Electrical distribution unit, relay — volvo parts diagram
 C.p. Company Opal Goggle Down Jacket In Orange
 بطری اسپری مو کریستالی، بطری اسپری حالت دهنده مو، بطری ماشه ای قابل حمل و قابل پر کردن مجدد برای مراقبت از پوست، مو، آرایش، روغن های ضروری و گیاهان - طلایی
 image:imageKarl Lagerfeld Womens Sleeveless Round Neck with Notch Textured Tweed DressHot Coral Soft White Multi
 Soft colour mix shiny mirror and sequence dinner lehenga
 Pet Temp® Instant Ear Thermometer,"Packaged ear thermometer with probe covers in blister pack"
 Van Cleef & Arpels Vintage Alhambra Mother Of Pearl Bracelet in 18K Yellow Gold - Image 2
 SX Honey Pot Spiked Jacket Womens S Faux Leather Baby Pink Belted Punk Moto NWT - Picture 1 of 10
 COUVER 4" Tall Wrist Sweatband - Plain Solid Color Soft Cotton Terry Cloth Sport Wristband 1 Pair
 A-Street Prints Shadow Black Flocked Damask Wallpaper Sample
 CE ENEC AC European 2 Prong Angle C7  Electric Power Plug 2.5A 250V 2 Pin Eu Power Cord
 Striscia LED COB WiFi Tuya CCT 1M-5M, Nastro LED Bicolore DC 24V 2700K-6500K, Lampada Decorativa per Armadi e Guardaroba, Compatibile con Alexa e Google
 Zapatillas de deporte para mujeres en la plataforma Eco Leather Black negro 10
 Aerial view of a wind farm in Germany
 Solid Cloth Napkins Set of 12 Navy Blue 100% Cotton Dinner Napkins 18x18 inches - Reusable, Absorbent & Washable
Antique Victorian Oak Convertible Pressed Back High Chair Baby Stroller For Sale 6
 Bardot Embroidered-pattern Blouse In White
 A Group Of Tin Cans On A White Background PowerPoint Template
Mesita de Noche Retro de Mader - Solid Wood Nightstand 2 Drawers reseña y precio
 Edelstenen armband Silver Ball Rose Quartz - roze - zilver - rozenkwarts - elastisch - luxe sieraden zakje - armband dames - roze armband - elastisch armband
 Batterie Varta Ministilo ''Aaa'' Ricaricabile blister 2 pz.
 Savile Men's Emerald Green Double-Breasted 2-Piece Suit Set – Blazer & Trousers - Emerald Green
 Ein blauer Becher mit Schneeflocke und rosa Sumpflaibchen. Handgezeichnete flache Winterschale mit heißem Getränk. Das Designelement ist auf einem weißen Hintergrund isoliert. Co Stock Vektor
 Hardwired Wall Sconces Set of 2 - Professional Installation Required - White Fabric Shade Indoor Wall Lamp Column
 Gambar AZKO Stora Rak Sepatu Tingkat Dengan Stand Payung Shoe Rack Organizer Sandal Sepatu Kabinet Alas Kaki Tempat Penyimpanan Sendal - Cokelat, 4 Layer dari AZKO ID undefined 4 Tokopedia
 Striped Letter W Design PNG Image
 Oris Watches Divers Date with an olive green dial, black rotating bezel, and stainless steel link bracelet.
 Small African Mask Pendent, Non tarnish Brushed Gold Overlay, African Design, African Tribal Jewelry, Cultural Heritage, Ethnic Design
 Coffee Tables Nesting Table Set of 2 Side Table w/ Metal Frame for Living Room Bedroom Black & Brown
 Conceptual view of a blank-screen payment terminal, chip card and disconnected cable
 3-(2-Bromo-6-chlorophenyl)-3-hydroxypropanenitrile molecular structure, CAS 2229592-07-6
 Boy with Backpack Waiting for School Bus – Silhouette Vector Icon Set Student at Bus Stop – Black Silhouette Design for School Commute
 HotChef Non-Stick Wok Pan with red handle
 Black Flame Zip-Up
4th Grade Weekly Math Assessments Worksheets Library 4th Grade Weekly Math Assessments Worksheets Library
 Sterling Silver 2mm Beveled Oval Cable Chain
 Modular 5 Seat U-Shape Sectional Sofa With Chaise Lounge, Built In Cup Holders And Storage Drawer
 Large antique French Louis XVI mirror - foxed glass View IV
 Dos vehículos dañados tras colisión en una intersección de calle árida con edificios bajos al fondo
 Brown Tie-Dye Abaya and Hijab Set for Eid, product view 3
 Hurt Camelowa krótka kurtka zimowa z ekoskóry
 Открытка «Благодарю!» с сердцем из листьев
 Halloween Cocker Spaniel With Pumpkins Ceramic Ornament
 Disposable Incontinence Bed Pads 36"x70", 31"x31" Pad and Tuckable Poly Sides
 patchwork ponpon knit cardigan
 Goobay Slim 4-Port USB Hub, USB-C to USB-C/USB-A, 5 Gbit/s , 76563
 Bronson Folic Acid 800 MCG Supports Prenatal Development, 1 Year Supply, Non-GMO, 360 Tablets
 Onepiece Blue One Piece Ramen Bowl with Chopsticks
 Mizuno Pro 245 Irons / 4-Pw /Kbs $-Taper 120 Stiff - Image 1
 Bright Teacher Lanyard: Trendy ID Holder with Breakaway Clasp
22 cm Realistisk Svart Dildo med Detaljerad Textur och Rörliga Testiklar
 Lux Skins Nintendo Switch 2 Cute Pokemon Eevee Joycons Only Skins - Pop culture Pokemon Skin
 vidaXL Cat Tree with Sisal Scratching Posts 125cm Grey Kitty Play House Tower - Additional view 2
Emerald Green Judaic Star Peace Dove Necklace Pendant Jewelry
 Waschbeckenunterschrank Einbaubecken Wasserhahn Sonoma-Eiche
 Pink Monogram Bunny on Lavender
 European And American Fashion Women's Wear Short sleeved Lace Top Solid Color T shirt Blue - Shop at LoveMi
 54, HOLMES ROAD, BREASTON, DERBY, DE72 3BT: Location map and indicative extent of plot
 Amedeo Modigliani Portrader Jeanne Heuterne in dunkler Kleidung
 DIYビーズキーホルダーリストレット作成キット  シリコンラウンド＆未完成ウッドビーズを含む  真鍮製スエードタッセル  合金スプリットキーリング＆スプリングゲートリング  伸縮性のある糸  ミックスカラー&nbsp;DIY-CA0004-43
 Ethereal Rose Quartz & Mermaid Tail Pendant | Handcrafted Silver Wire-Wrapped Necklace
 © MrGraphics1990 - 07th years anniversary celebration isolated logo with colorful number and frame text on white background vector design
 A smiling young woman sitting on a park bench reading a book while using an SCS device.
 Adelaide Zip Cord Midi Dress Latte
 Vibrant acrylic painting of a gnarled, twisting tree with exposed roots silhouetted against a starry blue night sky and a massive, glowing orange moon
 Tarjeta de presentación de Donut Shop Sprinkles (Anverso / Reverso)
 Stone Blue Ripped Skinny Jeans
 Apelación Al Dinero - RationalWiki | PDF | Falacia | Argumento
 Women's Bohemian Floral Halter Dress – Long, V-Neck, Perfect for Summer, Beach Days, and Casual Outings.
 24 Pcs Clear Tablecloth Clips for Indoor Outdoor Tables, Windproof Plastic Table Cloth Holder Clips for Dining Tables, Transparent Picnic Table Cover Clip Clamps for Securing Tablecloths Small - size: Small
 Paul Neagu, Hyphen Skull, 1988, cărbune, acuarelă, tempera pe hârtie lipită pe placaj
####
DESCRIPTION OF THE TASK
Everything from the first line of the data through the line containing "بطری اسپری مو" should be echoed exactly. Add nothing.

WRITTEN SOLUTION
Electrical distribution unit, relay — volvo parts diagram
 C.p. Company Opal Goggle Down Jacket In Orange
 بطری اسپری مو کریستالی، بطری اسپری حالت دهنده مو، بطری ماشه ای قابل حمل و قابل پر کردن مجدد برای مراقبت از پوست، مو، آرایش، روغن های ضروری و گیاهان - طلایی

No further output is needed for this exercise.